Methods: We conducted a retrospective cohort study using EHRs from the University of Tokyo Hospital (2004-2021). HFS cases were identified using the MedNERN-CR-JA NLP model. After propensity score matching, we compared capecitabine users with and without celecoxib and assessed time to HFS onset using Cox proportional hazards models. NLP-based HFS detection was validated through manual annotation of aggregated clinical notes. Negative control and sensitivity analyses ensured robustness.

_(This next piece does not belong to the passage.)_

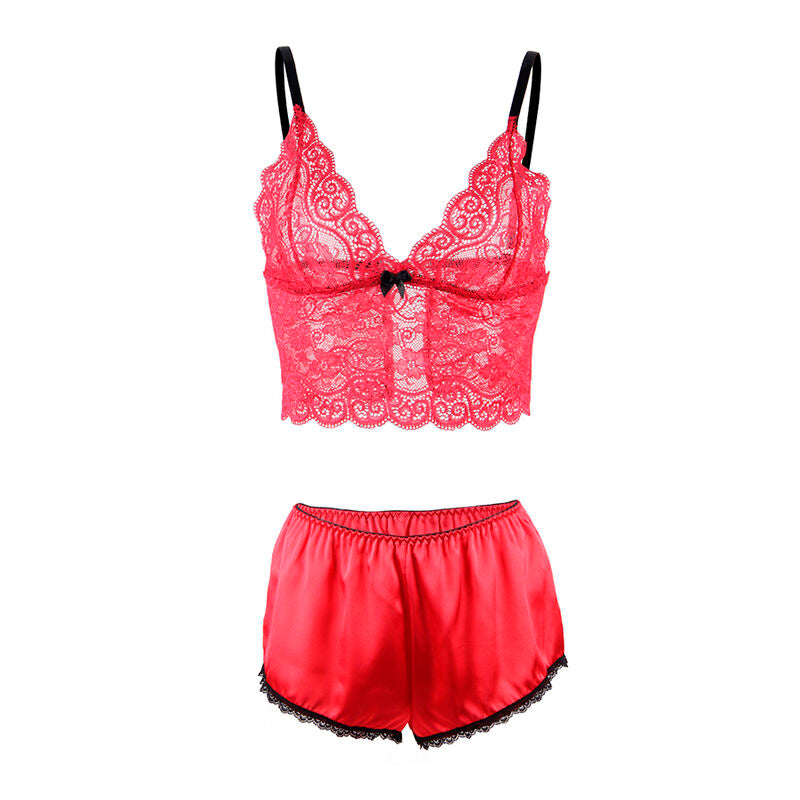 SUBBLIME - 953904 NACHTBLUSE AUS SEIDE UND SPITZE + ROTES HÖSCHEN L/XL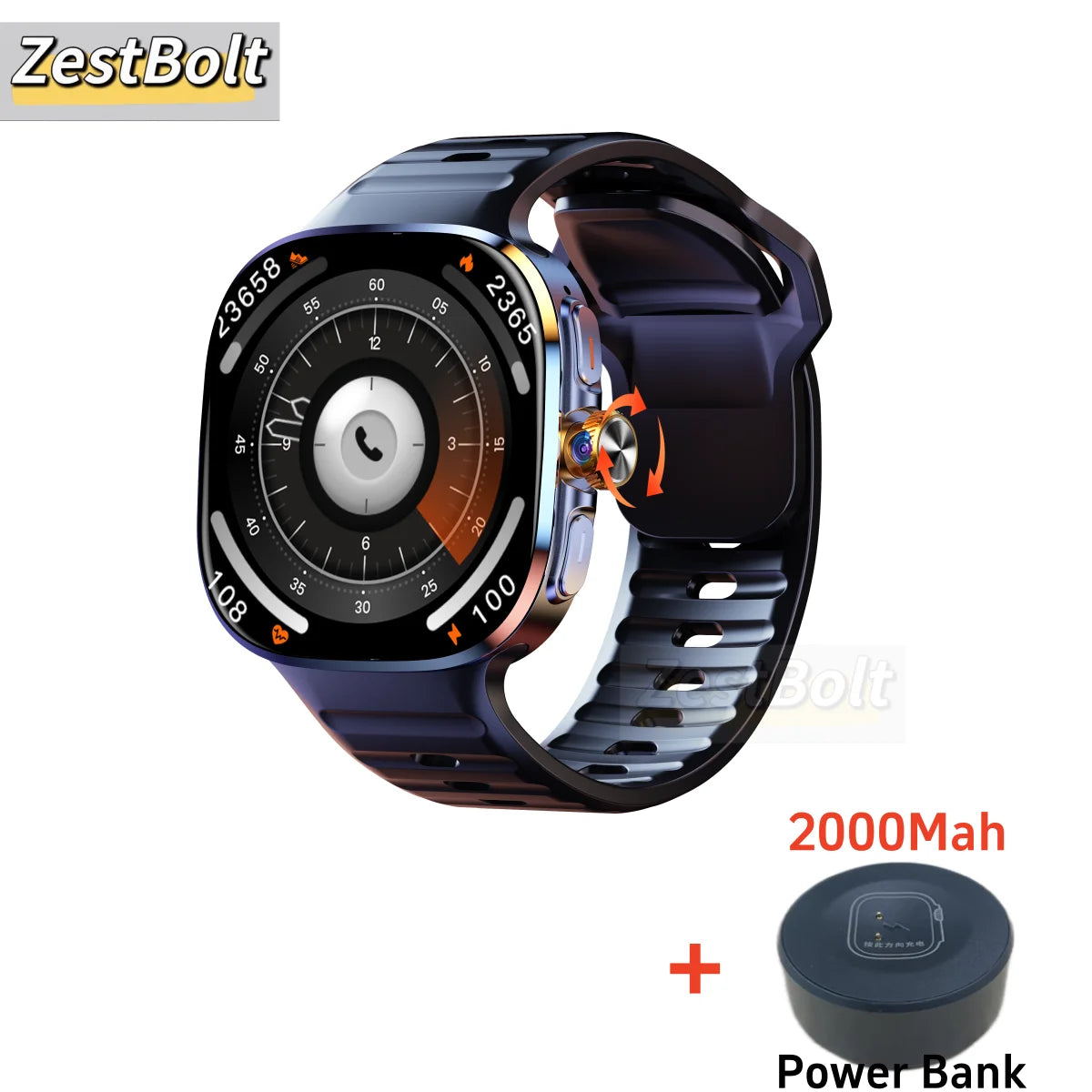 Global Version 5G Smartwatch 2.4 inch Amoled Screen insert Sim Card GPS WIFI 190° Rotating Camera Game Android 10.0 Smart Watch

Results: Among 44,502 patients with cancer, 669 capecitabine users were analyzed. HFS incidence was significantly higher among capecitabine users (hazard ratio [HR], 1.93 [95% CI, 1.48 to 2.52]; P < .001) compared with nonusers. Celecoxib use showed a suggestive association with a reduced HFS risk (HR, 0.51 [95% CI, 0.24 to 1.07]; P = .073). The NLP model demonstrated high accuracy in identifying HFS, achieving a precision of 0.875, recall of 1.000, and F1 score of 0.933, based on manual annotation of patient-level clinical notes. Outcome trends remained consistent when using manually annotated HFS case labels instead of NLP-detected events, supporting the method's robustness.
Conclusion: These findings demonstrate the effectiveness of NLP in detecting HFS from real-world clinical records. The application to celecoxib-HFS detection illustrates the potential utility of this approach for retrospective safety analysis. Further work is needed to evaluate generalizability across diverse clinical settings.